Алла Степановна жила в небольшой квартирке в четвертом этаже. Существовала она уроками музыки, так как была хорошей пианисткой и недурно пела. Услышав звонок, она сама открыла дверь и встретила отец Никодима приветливым восклицанием.
– Добро пожаловать! Ждала аркадскаго принца, магараджу из Брамапутры, маркиза Сарданапал и еще кого хотите, только не вас. Очень рада. Позвольте, я сниму вашу шубу. Вы, надеюсь, посидите.
И она, взяв в зубы папиросу, которую держала в левой руке, помогла отцу Никодиму раздеться, старательно отворачивая голову в сторону, чтобы не посыпать пеплом ему на воротник, но все же табачный дым коснулся его обоняния.
– Ох, грешница вы, многоуважаемая Алла Степановна, – сказал он, – встречаете духовную особу совсем не подходящим фимиамом, но Бог простит вам все за ваше доброе сердце.
– Не очень у меня доброе сердце, милый батюшка. Уверяю вас, что иных людей прямо видеть не могу. Вообще, я забилась в свою конуру и живу только в моем маленьком мире искусства. Входите, батюшка. Это моя «студия». Правда, она невелика размером, но в тесноте, да не в обиде. Садитесь, батюшка, в кресло.
Алла усадила гостя, а сама села на круглый табурет у раскрытого пианино. Она непроизвольно положила руку на клавиши.

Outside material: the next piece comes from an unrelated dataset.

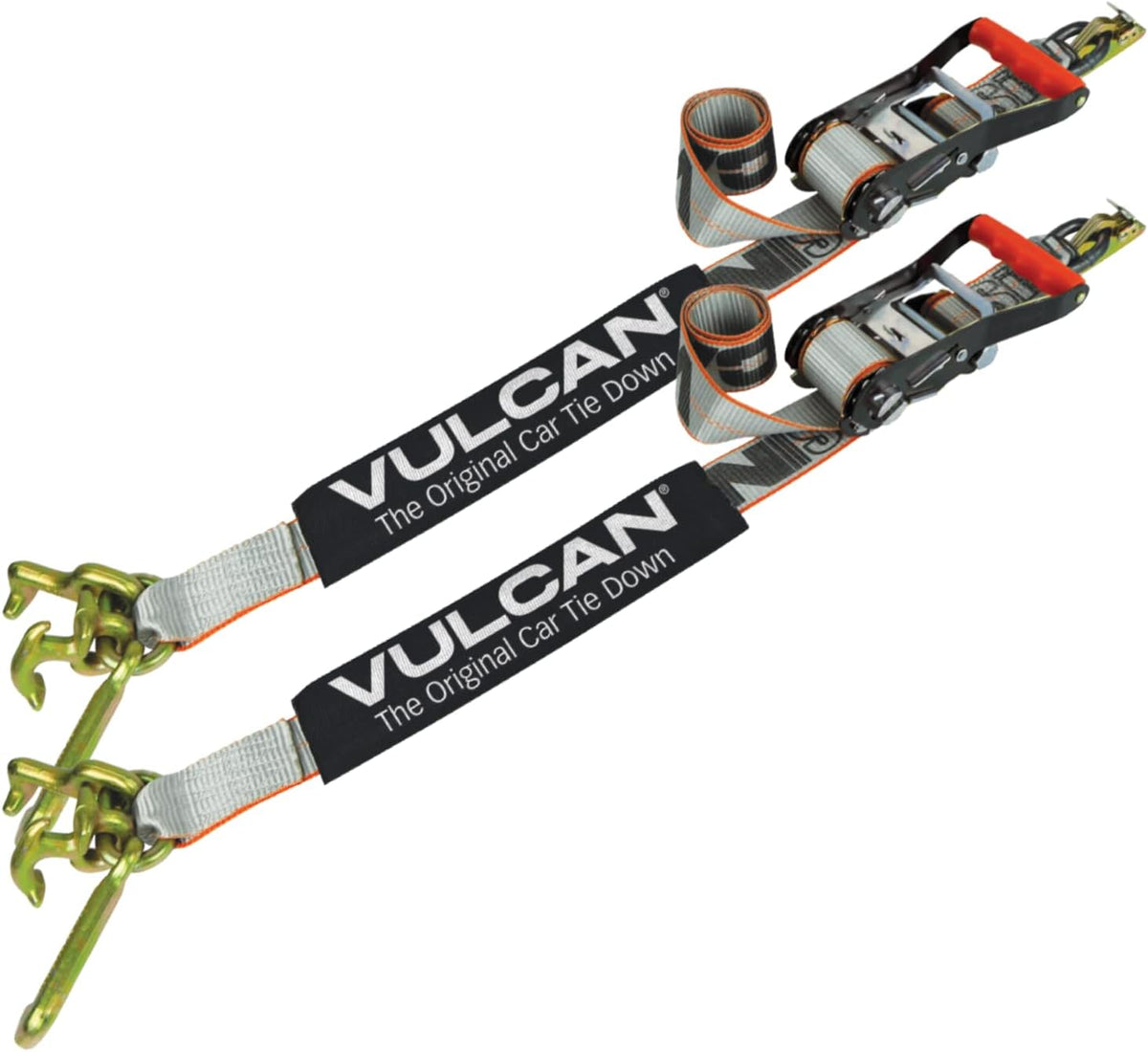 96 Inch 2 Pack Car Tie Down with Universal Frame Hook Cluster C44284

– Я сейчас все еще под впечатлением той замечательной сцены из второго акта «Пиковой дамы». Мы только что провели его вдвоем с моим учеником. Вы меня простите, это вам вряд ли интересно, но я до сих пор во власти музыки. Особенно этот момент, когда Германн неожиданно входит в комнату Лизы… Та пугается и хочет убежать. «Остановитесь… умоляю вас…» – говорит Герман полушепотом. «Зачем вы здесь, безумный человек?» – спрашивает Лиза. «Простите…» – отвечает Герман. Ну, и так далее, – сказала она и повернула голову к отцу Никодиму. – Извините меня, батюшка, искусство – это мой мир, и я уверяю вас, что в нем нет греха. He сердитесь на меня, но хочу заметить, что в этой сцене – не только поэзия слов и звуков. Глубина чувства достигает в ней совершенной чистоты… Германн вдруг видит на глазах у Лизы слезы. «Ты плачешь? – восклицает он. – Что значат эти слезы?» – «Не гонишь… и жалеешь… благодарю тебя… благодарю тебя», – не удержавшись, пропела Алла. Она вдруг вздохнула и отвернулась. – Меня никто не жалеет, батюшка, меня только осуждают. Человеческая молва давно приговорила меня к геенне огненной, но я всегда думаю о том, что где-то над миром существует высшая справедливость… Простите меня, я даже не спросила, чем обязана я вашему приятному визиту?
– Не слушайте людей, дорогая Алла Степановна. Людская молва не есть суд праведный. Уста человеческие поспешают изрекать хулу, забывая об ответственности, которую несем мы пред Господом за всякое слово. Пусть люди говорят, а мы не будем ничего отвечать на это. Но я должен перейти теперь к цели моего визита.
– Я вас слушаю, батюшка.
– Вам известно, что происходит между нашими новобрачными?
– Я знаю, что молодая вернулась домой и живет у родителей. Я того ожидала и, конечно, возмущена не столько глупой выходкой моей племянницы, сколько поведением ее родителей. Что же вы хотите? Братец мой равнодушен ко всему на свете и заботится только о своем спокойствии, а супруга его неустанно говорит о спасении души, требуя ото всех, чтобы они жили по канонам и соблюдали все церковные правила. На днях пристала ко мне, чтобы я «пособоровалась» для излечения моих дурных привычек. «Слишком много куришь, – говорила она мне, – это грех. Надо совершить над тобою Таинство елеосвящения». Не знаю, батюшка, так ли это необходимо? Я, конечно, грешница, но мои грехи никому не причиняют вреда и никого не обижают.